For part 1, I used function get_harris_corners provided to find the corners on my original image, I set edge_discard=20.
For part 2, I used Adaptive Non-Maximal Suppression (ANMS) to reduce the number of corners, ANMS selets corners based on the corner strength, to avoid having
many corners within a small scope, ANMS used a circle with radius to find the strengthest corner within the circle-neighborhood, if a neighboor corner has more
strength than corner xi, then we choose corner xj. The general algorithm is
\[
r_i = \min_{j} \| \vec{x}_i - \vec{x}_j \|, \quad \text{s.t.} \quad f(\vec{x}_i) < c_{\text{robust}} f(\vec{x}_j), \quad \vec{x}_j \in \mathcal{I}
\]
for all corners, where \(\mathcal{I}\) is the set of detected corners.
After that, I blurred the whole image[figure6_2], and then sampled these patches from the larger 40x40 window to have a nice big blurred descriptor. Then I extracted
axis-aligned 8x8 patches for each corners as feature descriptor. I also used bias/gain-normalize to normalize the descriptors.
The figure6_3 shows the patches of three channles on the first corner after normalization.
To match the features on image01 and image02, I flattened the patch array as shape (# corners to get match, 64*3), and then I used dist2 to calculate the distance between image01 descriptor and image02 descriptor. And I selected the 1NN and 2NN using the smallest distance values. Then I used Lowe’s trick, setting threshold = 0.4, to select the most convincing matches on pairs of images.

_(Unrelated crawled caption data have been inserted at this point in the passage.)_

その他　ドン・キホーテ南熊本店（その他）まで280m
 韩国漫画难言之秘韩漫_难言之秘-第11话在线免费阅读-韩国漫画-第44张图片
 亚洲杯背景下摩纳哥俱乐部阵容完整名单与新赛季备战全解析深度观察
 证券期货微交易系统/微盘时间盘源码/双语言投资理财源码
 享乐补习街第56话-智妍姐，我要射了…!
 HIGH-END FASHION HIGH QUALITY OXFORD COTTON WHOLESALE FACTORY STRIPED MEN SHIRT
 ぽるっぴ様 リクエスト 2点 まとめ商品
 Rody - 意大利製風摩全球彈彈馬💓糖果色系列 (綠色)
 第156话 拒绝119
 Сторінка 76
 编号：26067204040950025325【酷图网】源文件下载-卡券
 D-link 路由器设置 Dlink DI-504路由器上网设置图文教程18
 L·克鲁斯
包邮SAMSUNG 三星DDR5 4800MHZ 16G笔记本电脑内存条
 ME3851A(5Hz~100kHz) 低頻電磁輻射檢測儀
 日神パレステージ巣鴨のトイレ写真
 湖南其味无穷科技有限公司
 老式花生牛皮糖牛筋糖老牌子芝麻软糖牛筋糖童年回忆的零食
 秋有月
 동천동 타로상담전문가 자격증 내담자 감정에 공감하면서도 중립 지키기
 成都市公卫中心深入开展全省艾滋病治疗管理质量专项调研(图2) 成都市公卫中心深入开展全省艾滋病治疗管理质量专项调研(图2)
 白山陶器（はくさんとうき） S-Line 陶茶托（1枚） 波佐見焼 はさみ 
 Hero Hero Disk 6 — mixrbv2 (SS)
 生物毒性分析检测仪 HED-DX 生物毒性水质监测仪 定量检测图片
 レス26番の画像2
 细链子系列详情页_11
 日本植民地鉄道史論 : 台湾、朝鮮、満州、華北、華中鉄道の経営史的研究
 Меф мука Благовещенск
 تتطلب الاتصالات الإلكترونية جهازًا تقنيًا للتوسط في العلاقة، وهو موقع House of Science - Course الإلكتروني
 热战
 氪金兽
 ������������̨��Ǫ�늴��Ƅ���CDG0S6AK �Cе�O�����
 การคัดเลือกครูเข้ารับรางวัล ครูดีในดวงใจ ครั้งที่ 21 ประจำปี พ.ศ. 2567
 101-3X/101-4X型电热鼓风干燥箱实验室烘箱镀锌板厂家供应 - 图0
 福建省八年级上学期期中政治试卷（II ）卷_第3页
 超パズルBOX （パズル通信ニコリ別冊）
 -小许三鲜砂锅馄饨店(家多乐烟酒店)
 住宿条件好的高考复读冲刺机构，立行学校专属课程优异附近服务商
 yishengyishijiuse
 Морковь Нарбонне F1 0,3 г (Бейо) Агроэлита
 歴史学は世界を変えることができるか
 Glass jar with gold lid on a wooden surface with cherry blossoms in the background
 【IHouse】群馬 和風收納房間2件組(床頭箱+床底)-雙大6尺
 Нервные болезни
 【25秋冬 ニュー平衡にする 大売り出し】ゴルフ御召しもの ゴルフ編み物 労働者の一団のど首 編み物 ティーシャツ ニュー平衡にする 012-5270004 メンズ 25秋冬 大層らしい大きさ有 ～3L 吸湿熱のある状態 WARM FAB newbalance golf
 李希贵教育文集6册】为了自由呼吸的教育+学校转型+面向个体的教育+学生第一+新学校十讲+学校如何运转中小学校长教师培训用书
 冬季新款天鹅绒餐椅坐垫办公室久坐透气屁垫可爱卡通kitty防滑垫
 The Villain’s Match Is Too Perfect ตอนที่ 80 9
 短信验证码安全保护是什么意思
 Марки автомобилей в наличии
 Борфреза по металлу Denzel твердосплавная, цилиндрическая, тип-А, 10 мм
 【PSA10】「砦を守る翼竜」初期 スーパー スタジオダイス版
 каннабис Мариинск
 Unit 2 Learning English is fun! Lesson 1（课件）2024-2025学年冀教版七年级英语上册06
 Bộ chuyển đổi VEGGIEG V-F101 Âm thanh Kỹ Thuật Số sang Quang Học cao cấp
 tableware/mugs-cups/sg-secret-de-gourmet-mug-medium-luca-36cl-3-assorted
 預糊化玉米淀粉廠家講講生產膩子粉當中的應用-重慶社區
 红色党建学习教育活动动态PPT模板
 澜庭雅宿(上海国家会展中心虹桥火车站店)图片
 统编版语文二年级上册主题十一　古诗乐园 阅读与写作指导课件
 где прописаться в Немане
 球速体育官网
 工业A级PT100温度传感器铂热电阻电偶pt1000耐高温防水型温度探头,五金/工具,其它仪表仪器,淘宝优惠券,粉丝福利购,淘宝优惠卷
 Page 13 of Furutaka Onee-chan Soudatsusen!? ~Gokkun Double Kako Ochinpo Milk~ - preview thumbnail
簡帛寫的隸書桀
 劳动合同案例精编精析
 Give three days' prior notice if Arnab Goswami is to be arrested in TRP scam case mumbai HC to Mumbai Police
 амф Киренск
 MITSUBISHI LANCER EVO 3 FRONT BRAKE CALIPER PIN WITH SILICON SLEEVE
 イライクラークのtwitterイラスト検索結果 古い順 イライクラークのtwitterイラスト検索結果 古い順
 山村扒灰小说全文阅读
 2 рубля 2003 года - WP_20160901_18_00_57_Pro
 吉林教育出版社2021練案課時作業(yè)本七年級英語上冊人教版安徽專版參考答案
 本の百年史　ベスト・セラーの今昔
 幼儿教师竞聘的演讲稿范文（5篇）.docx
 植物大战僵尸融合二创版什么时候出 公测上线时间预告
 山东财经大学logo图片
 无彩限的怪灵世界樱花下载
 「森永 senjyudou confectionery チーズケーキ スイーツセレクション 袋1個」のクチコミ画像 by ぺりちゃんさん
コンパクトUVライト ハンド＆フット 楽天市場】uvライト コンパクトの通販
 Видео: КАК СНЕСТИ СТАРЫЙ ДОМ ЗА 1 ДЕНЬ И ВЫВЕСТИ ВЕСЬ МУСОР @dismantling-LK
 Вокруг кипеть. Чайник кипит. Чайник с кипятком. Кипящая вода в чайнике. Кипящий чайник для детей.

Since the pairs of matches can not guarantee totally accurate, in this part, I used RANSAC to find the most accurate homography. Following the steps "# loop starts: # 1. Select four feature pairs (at random) # 2. Compute homography H (exact) # 3. Compute # loop ends # 4. Keep largest set of inliers # 5. Re-compute least-squares H estimate on all of the inliers", I found the homography on each pair of images, and then visulaized them.
For part 1, I took 4 pair of pictures, with fixing the center of projection (COP) and rotating my camera while capturing photos. Then I selected corresponding points on both images.
In this project, I learned the algorithm of how to do automatical feature detecting, also I learned how to read a paper and how to reproduce the algorithm from the paper.
For part 1 of Bells and Whistles: my own ideas, I took pictures from daytime and night from the same point, then I mosaic these two images together.
For part 2 of Bells and Whistles: video mosaics, I made a mosaic video of a corrider in Wurster Hall. The first two videos are the original videos, and the 3rd video is the mosaic video.